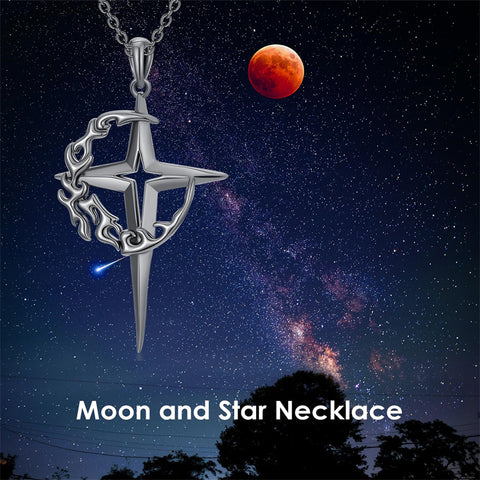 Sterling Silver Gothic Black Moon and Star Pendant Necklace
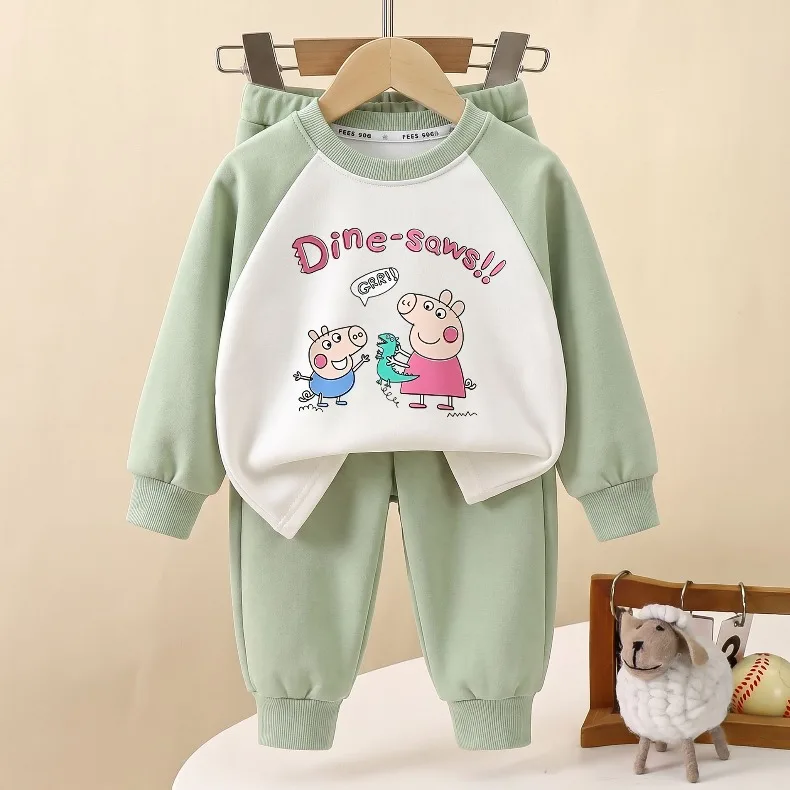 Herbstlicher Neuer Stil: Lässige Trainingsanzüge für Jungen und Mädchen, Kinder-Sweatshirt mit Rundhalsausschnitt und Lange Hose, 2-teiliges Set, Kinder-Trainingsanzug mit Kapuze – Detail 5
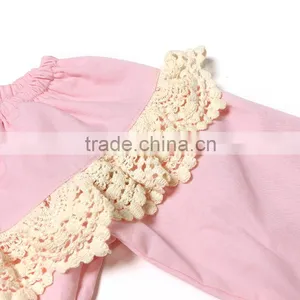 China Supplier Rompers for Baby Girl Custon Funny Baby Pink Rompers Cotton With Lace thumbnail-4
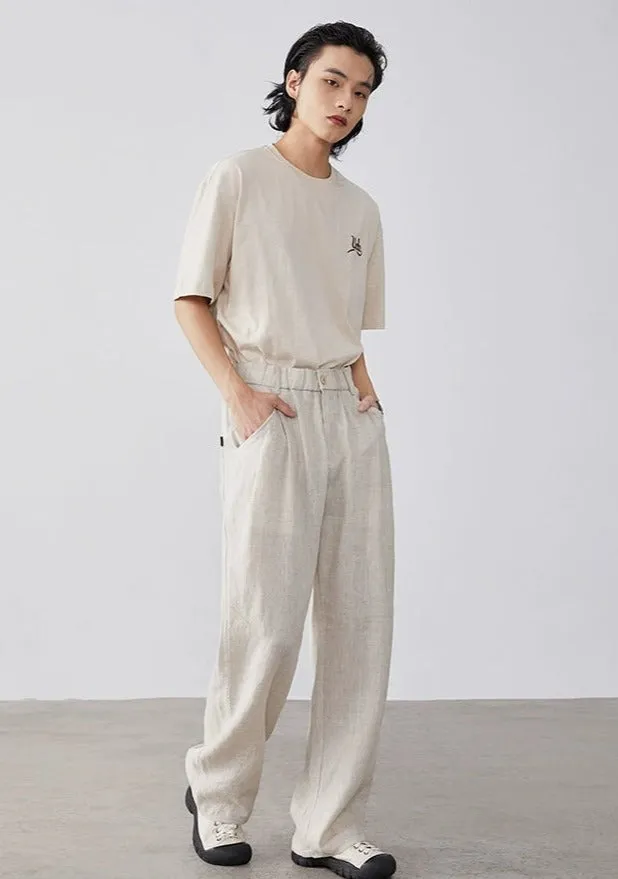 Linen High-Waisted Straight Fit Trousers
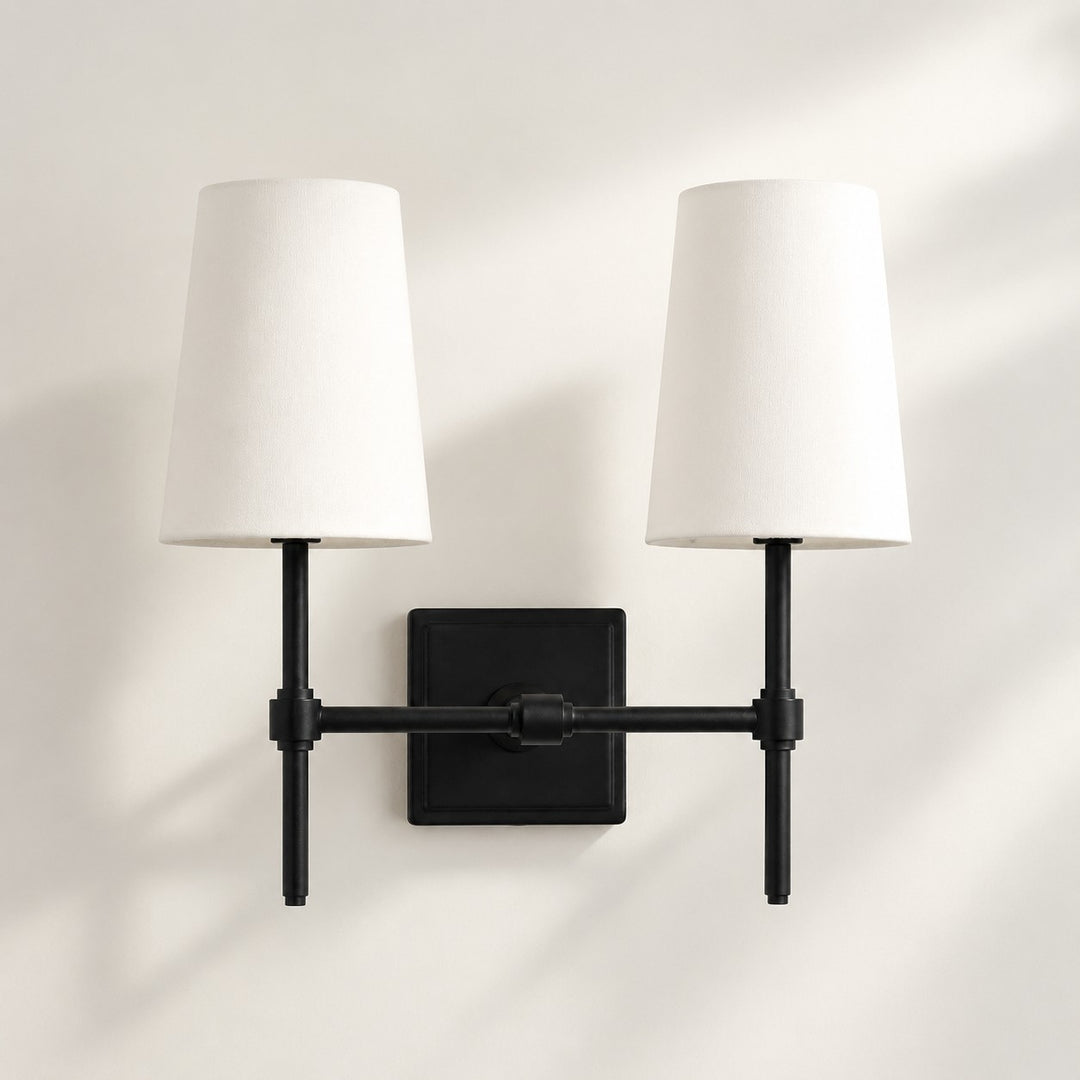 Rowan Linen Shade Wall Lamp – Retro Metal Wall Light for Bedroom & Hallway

==

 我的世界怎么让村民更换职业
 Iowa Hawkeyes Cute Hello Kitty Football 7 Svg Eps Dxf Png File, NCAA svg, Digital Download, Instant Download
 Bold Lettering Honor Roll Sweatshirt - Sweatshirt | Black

==

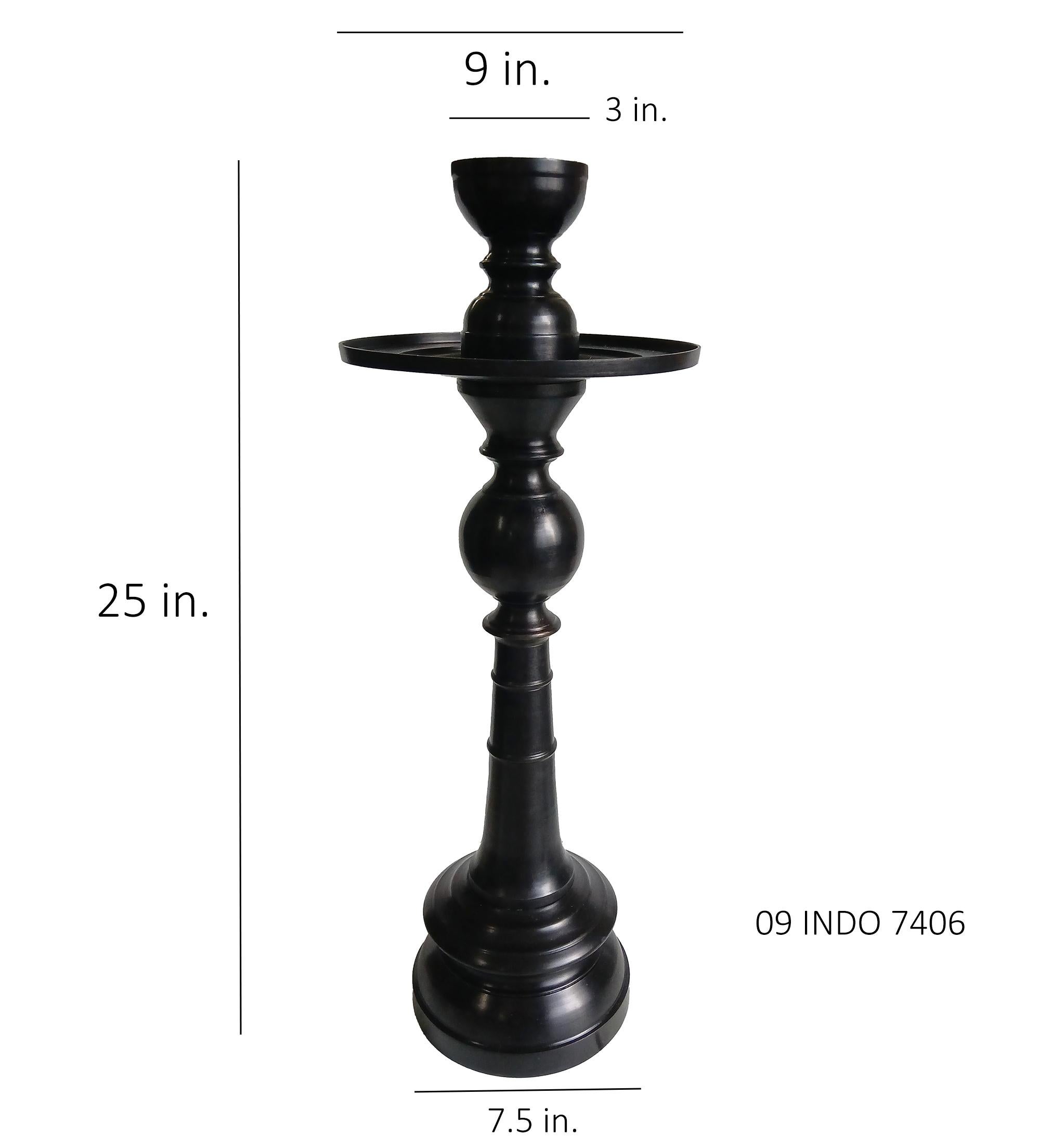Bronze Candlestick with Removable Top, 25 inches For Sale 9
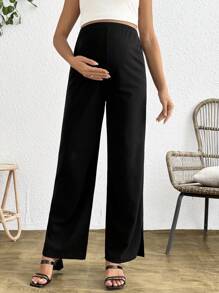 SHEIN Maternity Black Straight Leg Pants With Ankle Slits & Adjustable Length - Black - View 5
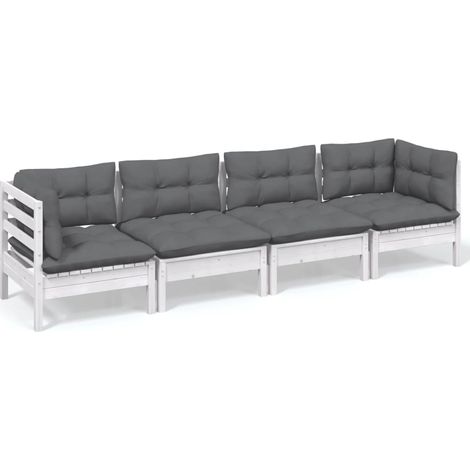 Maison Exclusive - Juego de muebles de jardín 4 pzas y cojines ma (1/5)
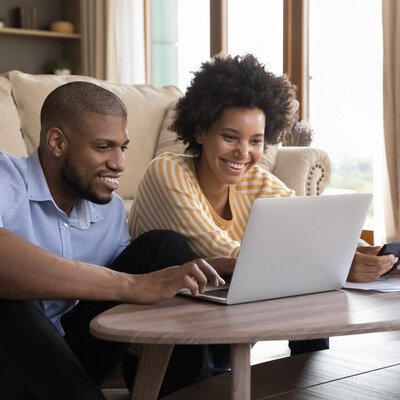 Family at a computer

§ **Directions**: For this task, return exactly the stretch of the listing above from the line with "Maison Exclusive - Juego" through the line with "Family at a computer", inclusive and without pictures.

§ **Result**:
 Maison Exclusive - Juego de muebles de jardín 4 pzas y cojines ma (1/5)
 Family at a computer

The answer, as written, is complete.